■ DATA SEGMENT:
■ ■ ■ ■

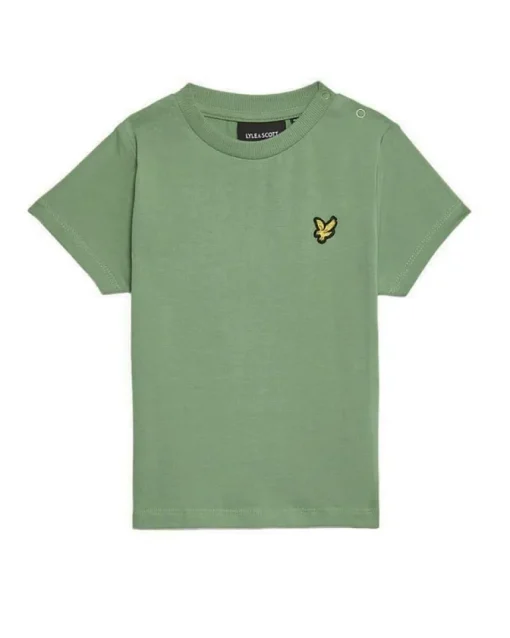 Lyle&Scott baby logo T-shirt X576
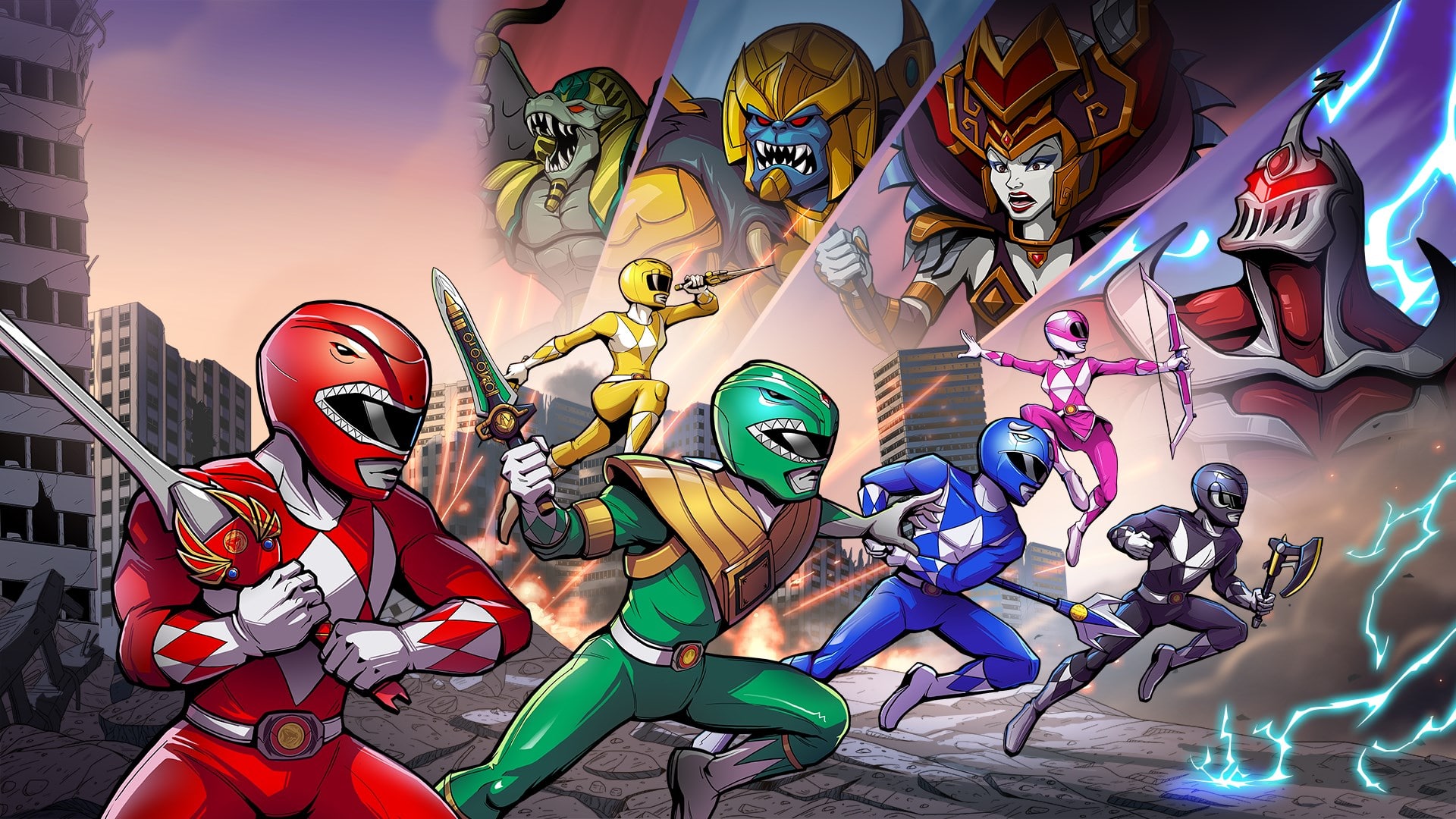 Hasbro Confirms Conversations To Bring Power Rangers To Animation THE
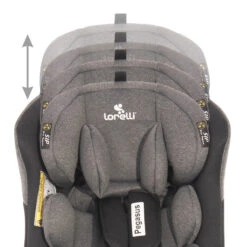 Lorelli Pegasus 360° Red/Black 0-36 Kg Isofix Autostoel 1007146-2103 -Dirkje || Jollein || bébé-jou Verkoopwinkel lorelli pegasus 0 36 kg isofix autostoel 2 2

■ ■ ■ ■

■ WHAT YOU NEED TO DO: All of the lines above should be printed exactly, minus the pictures.

■ SOLUTION TO THE PROBLEM:
 Lyle&Scott baby logo T-shirt X576
 Hasbro Confirms Conversations To Bring Power Rangers To Animation THE
 Lorelli Pegasus 360° Red/Black 0-36 Kg Isofix Autostoel 1007146-2103 -Dirkje || Jollein || bébé-jou Verkoopwinkel lorelli pegasus 0 36 kg isofix autostoel 2 2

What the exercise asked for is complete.